What we talk about when we talk about tech

The conference gave particular consideration to the role of technology in language learning, and the potential of technology as a source of innovation for schools. We have reported previously on the growing consumer demand for technology-enabled language learning - a market that is forecast to double its revenues to US$1.6 billion by 2018. Digital language learning is a broad category that includes:

  • Online learning, whether self-paced or collaborative;
  • Digital learning resources (e.g., e-textbooks, e-gradebooks, interactive media);
  • Mobile learning apps, including educational games and other mobile services.

The ways in which language schools can apply any of these technologies are equally broad. For example, a school may choose to offer online learning, whether as a stand-alone programme for remote students, as a complement to classroom instruction for students on site, or a tool to use before or after studying abroad. Additionally, a school may choose to provide mobile devices or mobile apps to allow students greater opportunity for independent study outside of class time. Teachers may bring technology into the classroom in the form of new teaching tools, such as interactive whiteboards or computer-based assessments, and more.

The benefits of e-learning

Aside from its strategic significance to the school, technology holds great promise for students as well. It can support more independent and personalised learning, and, in the best case, allow students to accomplish more and progress faster in their studies. The rationale for adopting technology at a classroom or school level is therefore fairly straightforward:

  • It responds to consumer demand;
  • Improves student performance;
  • Extends what teachers can accomplish in the classroom;
  • Conveys a certain sophistication and cutting-edge flair for the school’s language programmes.

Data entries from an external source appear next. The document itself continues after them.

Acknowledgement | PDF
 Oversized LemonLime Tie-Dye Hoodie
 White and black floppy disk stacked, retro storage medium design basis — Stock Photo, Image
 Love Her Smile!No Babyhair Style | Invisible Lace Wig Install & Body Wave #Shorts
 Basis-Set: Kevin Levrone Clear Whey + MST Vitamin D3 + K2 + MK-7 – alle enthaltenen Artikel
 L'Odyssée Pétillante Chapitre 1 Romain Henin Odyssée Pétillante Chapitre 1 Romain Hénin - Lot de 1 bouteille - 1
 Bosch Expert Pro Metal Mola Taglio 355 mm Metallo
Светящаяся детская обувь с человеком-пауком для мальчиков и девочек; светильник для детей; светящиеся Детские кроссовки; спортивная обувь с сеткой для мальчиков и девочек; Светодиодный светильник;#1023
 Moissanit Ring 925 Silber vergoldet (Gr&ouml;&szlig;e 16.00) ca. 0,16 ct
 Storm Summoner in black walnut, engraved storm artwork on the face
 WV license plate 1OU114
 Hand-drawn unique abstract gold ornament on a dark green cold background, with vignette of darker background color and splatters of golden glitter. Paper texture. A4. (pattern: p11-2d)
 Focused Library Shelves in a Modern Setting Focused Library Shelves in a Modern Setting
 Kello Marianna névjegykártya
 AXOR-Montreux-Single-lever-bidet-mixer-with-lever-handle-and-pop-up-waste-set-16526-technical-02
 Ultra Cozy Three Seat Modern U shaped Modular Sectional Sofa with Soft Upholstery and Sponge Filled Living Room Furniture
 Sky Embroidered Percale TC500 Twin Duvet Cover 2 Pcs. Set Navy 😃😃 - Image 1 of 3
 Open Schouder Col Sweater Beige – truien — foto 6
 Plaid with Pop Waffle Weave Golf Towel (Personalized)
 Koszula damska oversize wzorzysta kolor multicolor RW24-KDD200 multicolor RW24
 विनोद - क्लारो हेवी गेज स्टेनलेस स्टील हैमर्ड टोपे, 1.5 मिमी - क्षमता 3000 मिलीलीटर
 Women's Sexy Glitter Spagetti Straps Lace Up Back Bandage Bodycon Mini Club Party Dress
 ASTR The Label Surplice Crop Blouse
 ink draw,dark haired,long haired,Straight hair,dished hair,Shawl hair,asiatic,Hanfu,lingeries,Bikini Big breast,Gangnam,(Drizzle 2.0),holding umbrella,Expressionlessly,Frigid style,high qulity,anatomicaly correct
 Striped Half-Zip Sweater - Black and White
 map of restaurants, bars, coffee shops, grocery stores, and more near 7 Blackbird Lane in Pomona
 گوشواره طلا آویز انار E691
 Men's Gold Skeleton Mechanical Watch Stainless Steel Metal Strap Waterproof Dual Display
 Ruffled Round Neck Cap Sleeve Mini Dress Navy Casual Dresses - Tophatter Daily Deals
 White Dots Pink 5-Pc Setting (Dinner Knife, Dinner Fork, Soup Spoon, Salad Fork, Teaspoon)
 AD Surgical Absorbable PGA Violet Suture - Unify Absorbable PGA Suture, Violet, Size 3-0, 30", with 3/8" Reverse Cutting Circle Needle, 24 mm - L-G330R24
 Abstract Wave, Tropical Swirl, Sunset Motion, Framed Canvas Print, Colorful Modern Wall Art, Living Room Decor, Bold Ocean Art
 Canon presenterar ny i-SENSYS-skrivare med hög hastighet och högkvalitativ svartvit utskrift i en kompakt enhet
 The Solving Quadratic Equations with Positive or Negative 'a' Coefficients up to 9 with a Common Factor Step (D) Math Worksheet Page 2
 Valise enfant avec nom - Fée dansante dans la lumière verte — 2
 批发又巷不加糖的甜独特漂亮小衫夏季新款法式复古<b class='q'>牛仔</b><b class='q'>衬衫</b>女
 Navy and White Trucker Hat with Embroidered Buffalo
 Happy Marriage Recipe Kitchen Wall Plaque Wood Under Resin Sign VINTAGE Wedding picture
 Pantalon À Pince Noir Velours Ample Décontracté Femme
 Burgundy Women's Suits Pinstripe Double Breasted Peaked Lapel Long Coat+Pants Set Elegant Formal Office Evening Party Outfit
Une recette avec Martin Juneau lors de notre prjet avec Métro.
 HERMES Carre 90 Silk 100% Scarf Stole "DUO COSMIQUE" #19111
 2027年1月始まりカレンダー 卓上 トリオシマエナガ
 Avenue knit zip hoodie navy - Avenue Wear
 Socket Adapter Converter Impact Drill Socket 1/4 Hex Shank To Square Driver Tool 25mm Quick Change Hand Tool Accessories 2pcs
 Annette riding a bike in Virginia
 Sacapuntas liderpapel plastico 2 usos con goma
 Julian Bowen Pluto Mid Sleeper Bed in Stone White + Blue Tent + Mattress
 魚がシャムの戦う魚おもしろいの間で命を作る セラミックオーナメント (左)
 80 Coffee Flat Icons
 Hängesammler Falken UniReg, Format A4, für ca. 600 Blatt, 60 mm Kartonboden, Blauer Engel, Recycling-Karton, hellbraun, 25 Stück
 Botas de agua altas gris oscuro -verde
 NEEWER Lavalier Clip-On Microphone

In short: it boosts the competitive edge of the language centre, helps to differentiate its programmes and services, and, in so doing, ultimately helps to attract and retain more students. This competitive advantage is being further enabled by various standards for the use of technology in schools, including accreditation models for online learning programmes, that are beginning to grow up around the burgeoning consumer demand for digital language learning. Eaquals, for example, regularly reviews and updates their accreditation scheme to ensure it remains fit for purpose, and they have recently developed a new set of quality indicators for online language programmes in response to the increasing use of learning technologies in language schools. We caught up with Sarah Aitken, Eaquals Executive Director, who explained, "As the use of IT becomes mainstream in language education, Eaquals accreditation will be able to continue to apply a principled approach to evaluating and supporting quality across our member centres. Eaquals Quality Standards are already designed to be relevant in all educational contexts and the ability to accredit new types of language teaching institutions will support our growth strategy as well as keep Eaquals at the forefront of innovation in our sector." Eaquals members have been increasingly engaged with issues raised by the use of handheld IT devices in language learning and are grappling with issues such as how to direct resources to e-learning and how the technology will be used both in and out of the classroom. Eaquals wants to ensure that their accreditation scheme covers all academic activities within their current member language centres, focusing on the quality of course delivery and the learner experience. The newly updated Eaquals Quality Standards apply to online course delivery models as well as "traditional" models. A working group is refining practical inspection procedures and producing guidance documents for applicants and inspectors, and a full launch of the scheme is expected later later this year.

Not so fast

Such quality measures to recognise, develop, and reward good practice in online learning will prove vital as the industry evolves, particularly as educators face challenges when implementing e-learning. Scott Thornbury's seminar at the Eaquals conference looked at the other side of the potential in e-learning. A celebrated author and associate professor in the Master of Arts in TESOL at The New School in New York, Mr Thornbury outlined the common challenges that schools encounter when adopting new technologies. These include the following:

  • Variability in hardware and software, including access to devices as well as the Internet, used by both teachers and students;
  • Administrative challenges with respect to students forgetting to bring devices, losing passwords, requiring tech support, etc.;
  • Mixed levels of enthusiasm and expectations from stakeholders, management, and teachers;
  • Variable motivation of teachers to adopt new tools or processes in the classroom;
  • Lack of training for teachers in the use of technology in their teaching;
  • Issues around motivating learners (e.g., to follow a self-paced online lesson or adopt a new mobile app);
  • Extremely competitive and congested marketplace, with adoptions and teaching practices varying considerably from school to school or even class to class.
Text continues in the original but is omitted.